Dowd based much of her script, as well as several of the characters, on her brother Ned Dowd's playing experiences on 1970s minor league professional hockey teams.

While Slap Shot received mixed reviews upon release and was only a moderate box office success, it has since become widely regarded as a cult film.

Plot
In the fictional small town of Charlestown, Pennsylvania, the local steel mill is about to close permanently and lay off 10,000 workers, indirectly threatening the existence of the town's minor league hockey team, the Charlestown Chiefs, who are also struggling with a losing season and an increasingly hostile crowd. After discovering the hometown fans responding positively to an on-ice brawl with the opposing goalie, player-coach Reggie Dunlop goads his own team into a violent style of play, eventually letting the overly-aggressive Hanson Brothers, the club's recent acquisitions, loose on their opponents.

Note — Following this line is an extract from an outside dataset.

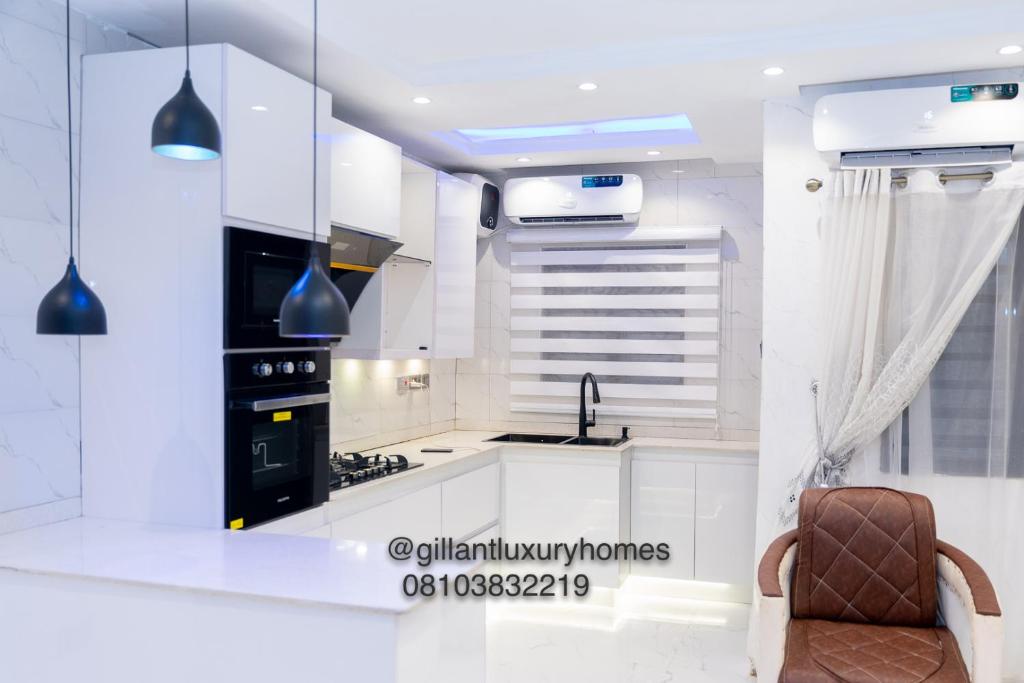 贝宁城Gillant Luxury Homes的厨房配有白色橱柜、水槽和椅子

The brothers' actively violent and thuggish style of play excites the fans, which increases revenue, potentially saving the team.

The team's new style produces unintended consequences that affect not only Dunlop, but the Chiefs' star player, Ned Braden, along with the rest of the team. Braden refuses to take part in the violent antics, as Dunlop attempts to exploit Braden's marital troubles in his efforts to get him to take part in the team's brawling, but to no avail. Several games degenerate into bench-clearing brawls, including one that takes place before the opening face-off, and another that brings the local police into the locker room to arrest the Hanson Brothers after they attack the opposing fans in the stands. Nonetheless, the Chiefs rise up the ranks to become contenders for the championship, and a rumor (started by Dunlop himself to further motivate his teammates) spreads that the team's success could possibly lead them to be sold to a buyer in Florida.

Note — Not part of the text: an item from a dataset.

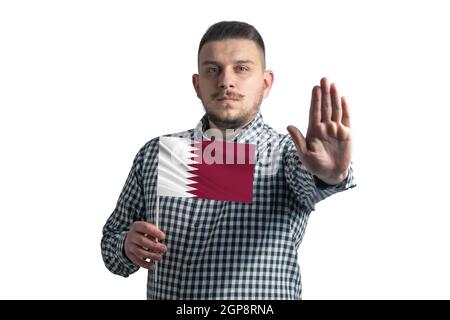 Weißer Kerl hält eine Flagge von Katar und mit einem ernsten Gesicht zeigt eine Hand Stop-Zeichen isoliert auf einem weißen Hintergrund. Stockfoto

Eventually Dunlop meets team owner Anita McCambridge, and discovers his efforts to increase the team's popularity (and value) through violence have been for naught, as McCambridge's better option is to fold the team as a tax write-off. By the time Dunlop decides to abandon the new strategy of violence over skill, the Chiefs' main rivals in Syracuse have already upped the ante by stocking their team full of violent "goons" (many of whom were previously suspended from the league for flagrant violations) in preparation for the league's championship game. After being crushed during the first period while playing a non-violent style of "old time hockey," the disgusted general manager tells them that various National Hockey League scouts accepted his invitation to the game, as he was hoping that the Chiefs' habitual escapades would get the players signed to the major leagues.

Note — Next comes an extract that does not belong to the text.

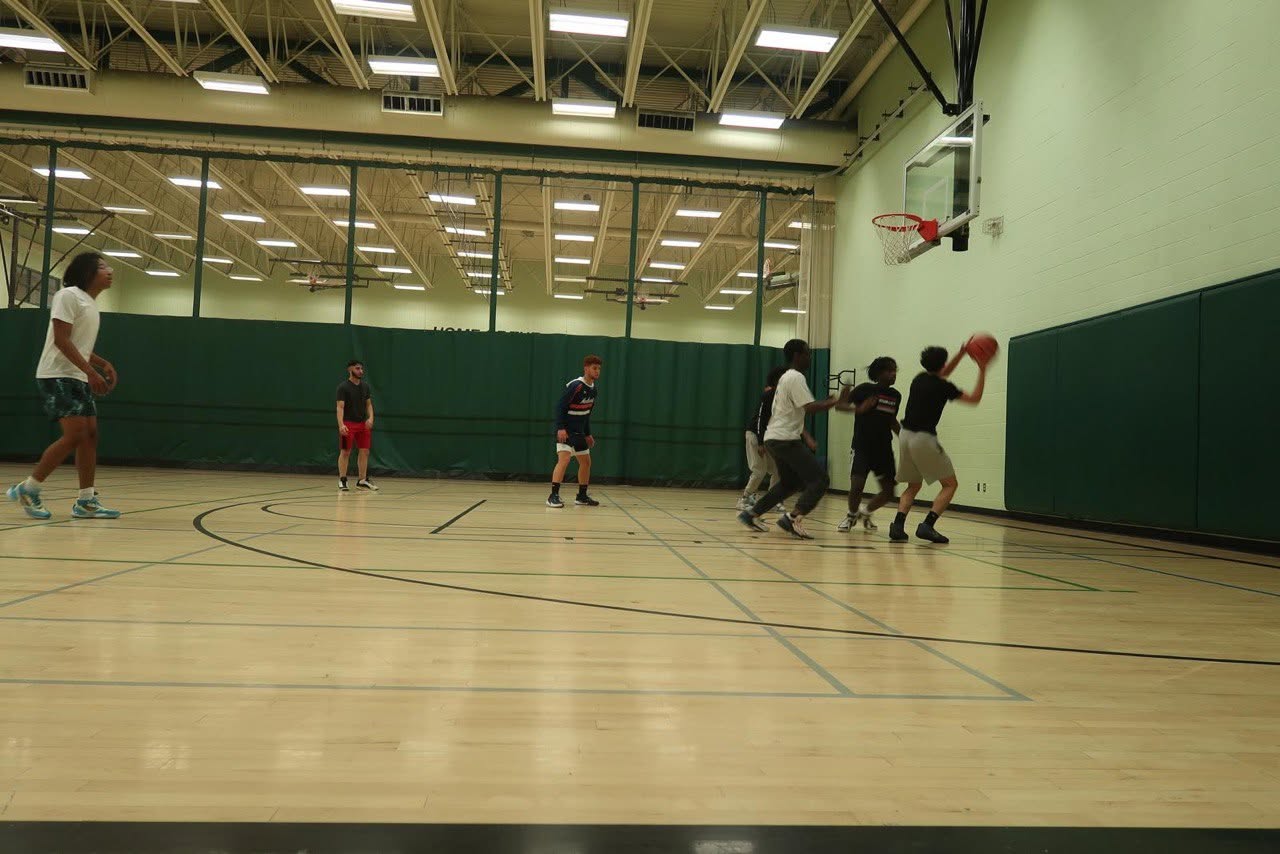 Youth playing games and socializing at the drop-in centre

Upon hearing this news, Dunlop decides to have his team revert to their previous violent approach, much to the joy of the spectators. When Braden witnesses his now-estranged wife cheering for the Chiefs, he realizes the absurdity of the violence, and adopts a similarly radical (but still non-violent) way of participation by performing a live striptease on the rink amid rousing cheers. When the Syracuse team's captain protests against this "obscene" demonstration and hits the referee for dismissing him, Syracuse is disqualified, granting the Chiefs the championship. After their win, and with the Chiefs now effectively folded and finished, Dunlop accepts the offer to be the player-coach to the Minnesota Nighthawks, bringing his teammates with him.

Cast

Development
The original screenplay by Nancy Dowd is based in part on her brother Ned Dowd's experiences playing minor-league hockey in the U.S. in the 1970s. At that time, violence, especially in the low minors, was a selling point of the game.

Dowd was living in Los Angeles when she got a call from Ned, a member of the Johnstown Jets hockey team. He gave her the bad news that the team was for sale. Dowd moved to the area and was inspired to write Slap Shot. It was filmed in Johnstown, Pennsylvania, Pittsburgh, Pennsylvania, and in central New York State (Clinton Arena in Clinton, New York; Utica Memorial Auditorium in Utica, New York; and the Onondaga County War Memorial Auditorium in Syracuse, New York).

Nancy Dowd used Ned and a number of his Johnstown Jets teammates in Slap Shot, with Ned playing Syracuse goon Ogie Ogilthorpe. He later used the role to launch a career as a Hollywood character actor, an assistant director and eventually a line producer. The characters of the Hanson Brothers are based on three actual brothers: Jeff, Steve and Jack Carlson, who played with Ned Dowd on the Jets. The character of Dave 'Killer' Carlson is based on then-Jets player Dave "Killer" Hanson. Steve and Jeff Carlson played their Hanson brother counterparts in the film. Jack Carlson originally was written to appear in the film as the third brother Jack, with Dave Hanson playing his film counterpart Dave 'Killer' Carlson. However, by the time filming began, Jack Carlson had been called up by the Edmonton Oilers, then of the WHA, to play in the WHA playoffs, so Dave Hanson moved into the role of Jack Hanson, and Jerry Houser was hired for the role of 'Killer' Carlson.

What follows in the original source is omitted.